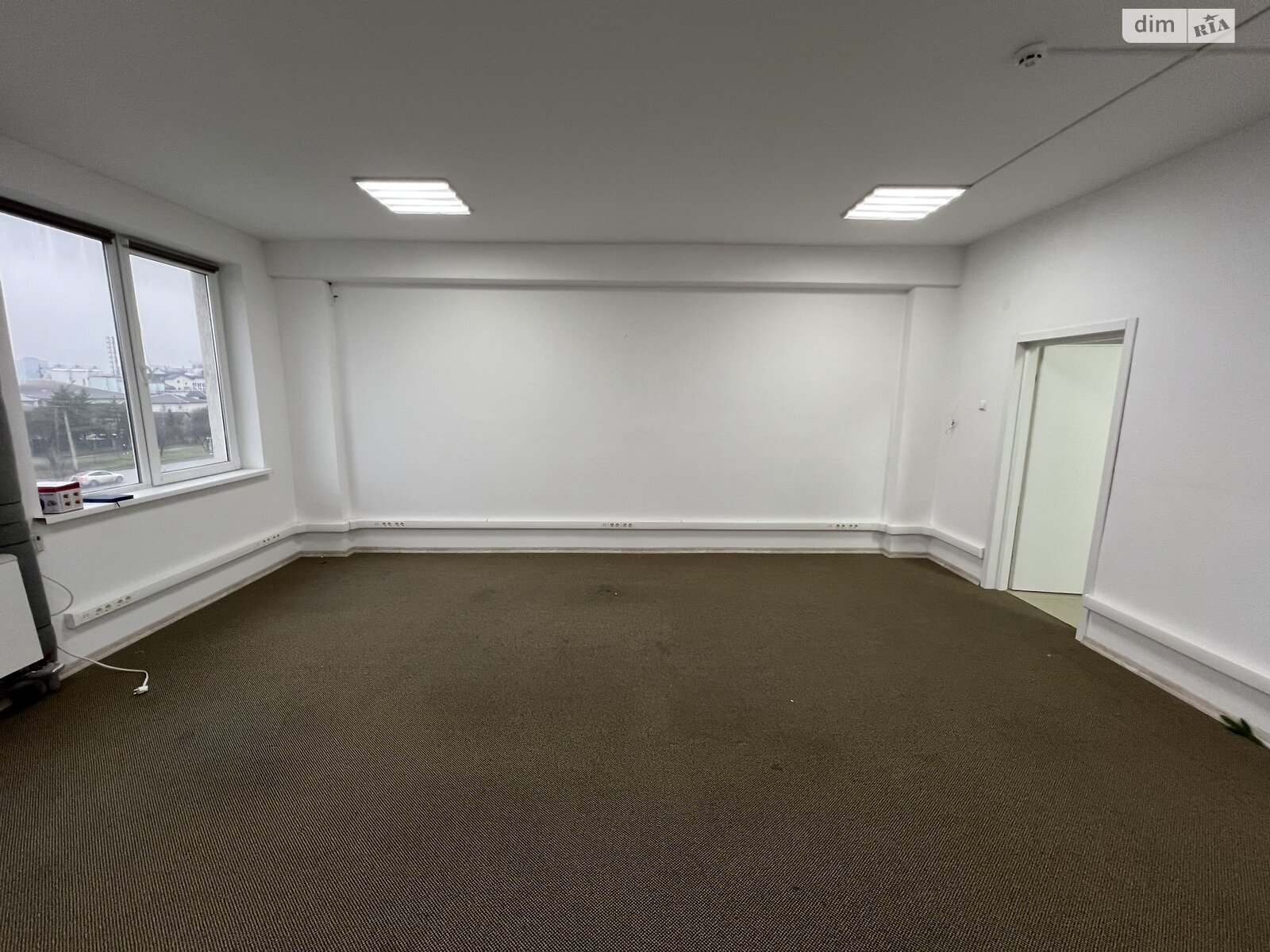 Аренда офисного помещения в Львове, Пасечная улица 93Б, помещений - 1, этаж - 3 фото 1 Аренда офисного помещения в Львове, Пасечная улица 93Б, помещений - 1, этаж - 3 фото 1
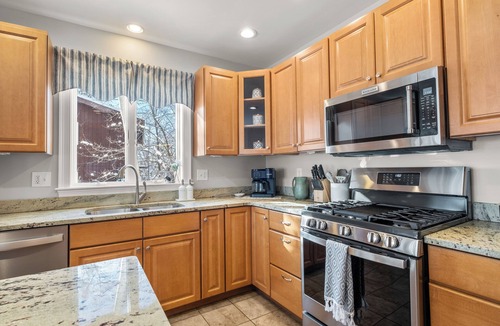 Cape Neddick House | Near Nubble Lighthouse | Walk to Beach | Ocean Views | Rooftop | Sleeps 10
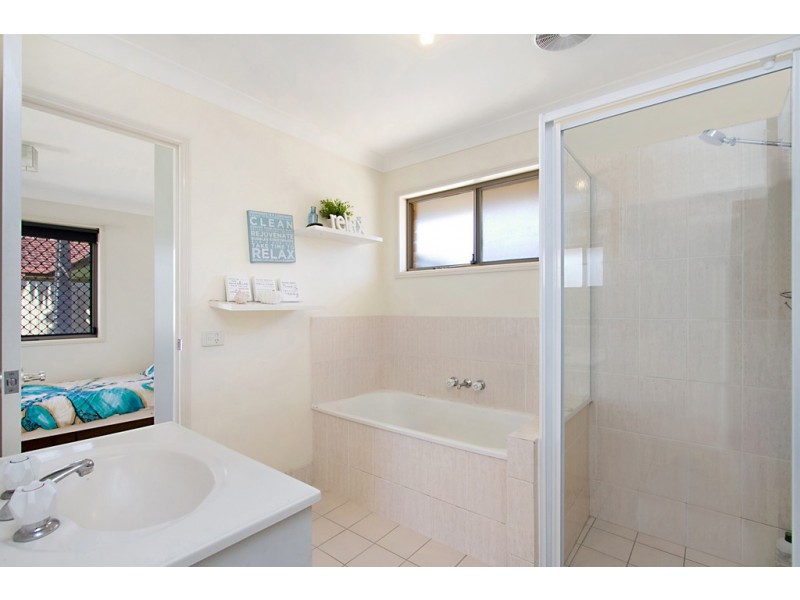 296 Christine Avenue, Varsity Lakes QLD 4227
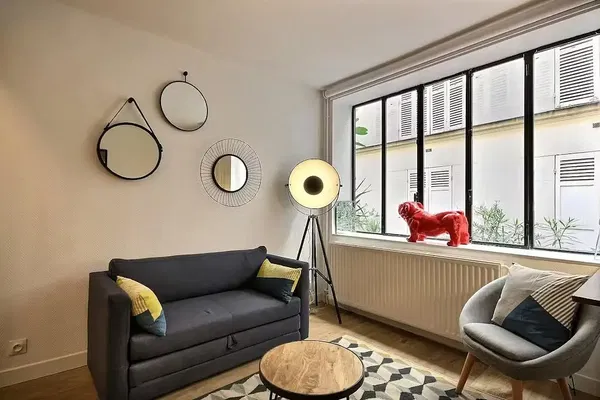 Salon; parquet, lumière naturelle, style moderne, hauteur sous plafond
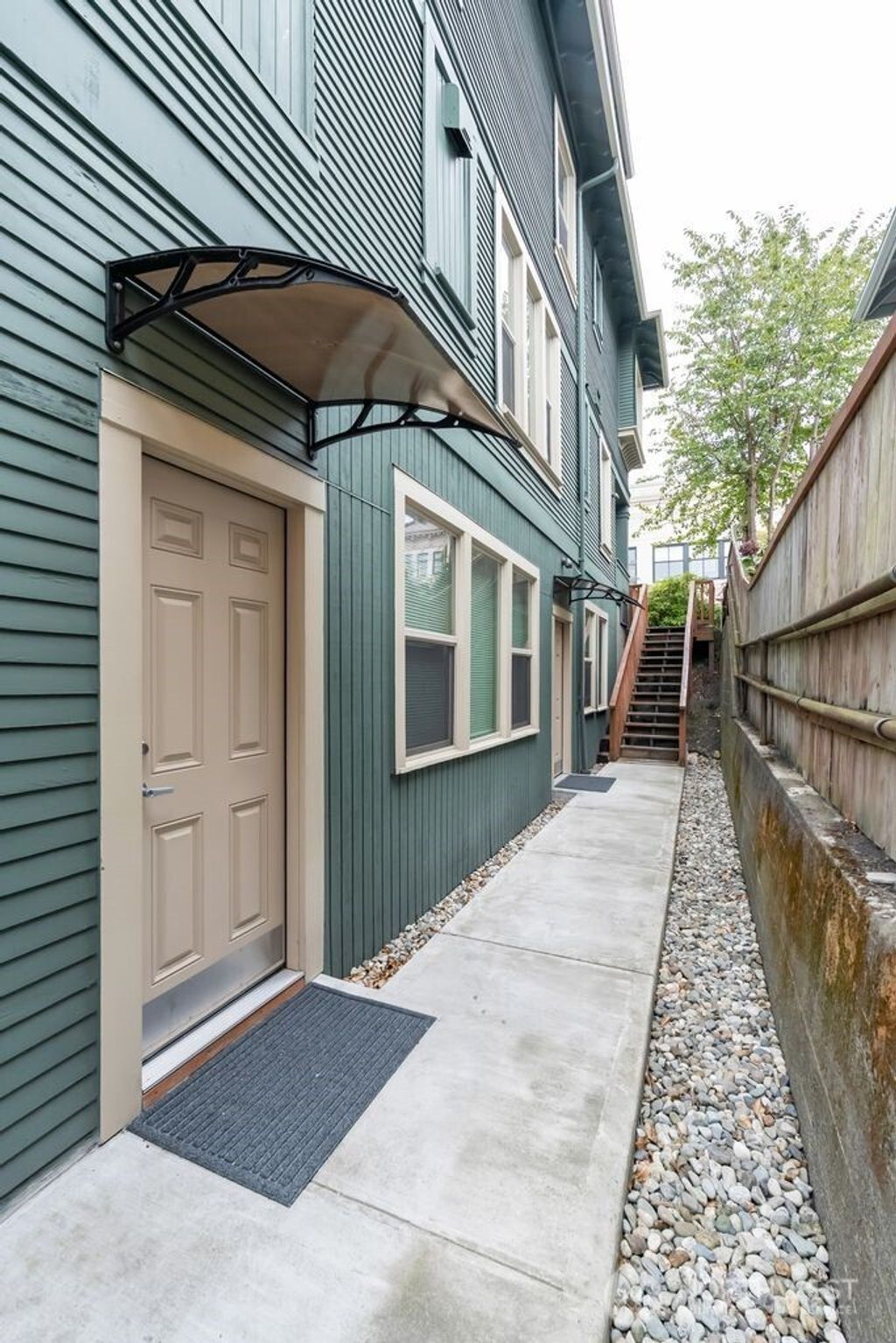 Photo of 2414 Hoyt Avenue, Everett, WA 98201 (MLS # 2490863)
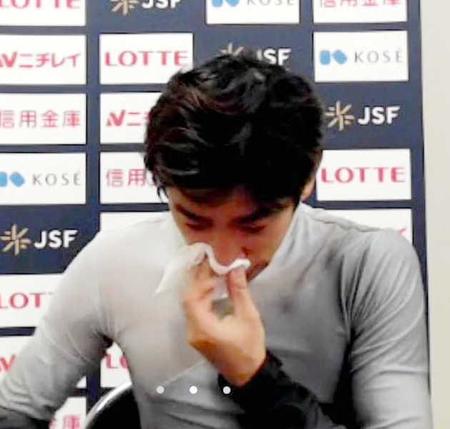 　会見で涙を流す織田信成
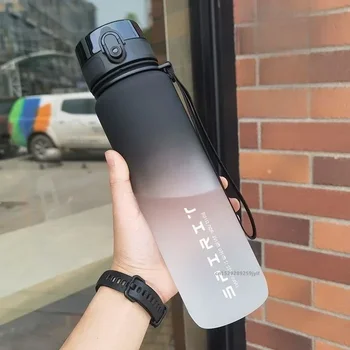 500ml/650ml/1000ml Bottiglia d'acqua sportiva A prova di perdite Tazza di plastica colorata Bere per viaggi all'aperto Palestra portatile Fitness Brocche 1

Problem description: The lines wanted are those from the start of the material above through the line with "Salon; parquet, lumière", both included; print them exactly and skip any picture.

Completed task:
 Аренда офисного помещения в Львове, Пасечная улица 93Б, помещений - 1, этаж - 3 фото 1 Аренда офисного помещения в Львове, Пасечная улица 93Б, помещений - 1, этаж - 3 фото 1
 Cape Neddick House | Near Nubble Lighthouse | Walk to Beach | Ocean Views | Rooftop | Sleeps 10
 296 Christine Avenue, Varsity Lakes QLD 4227
 Salon; parquet, lumière naturelle, style moderne, hauteur sous plafond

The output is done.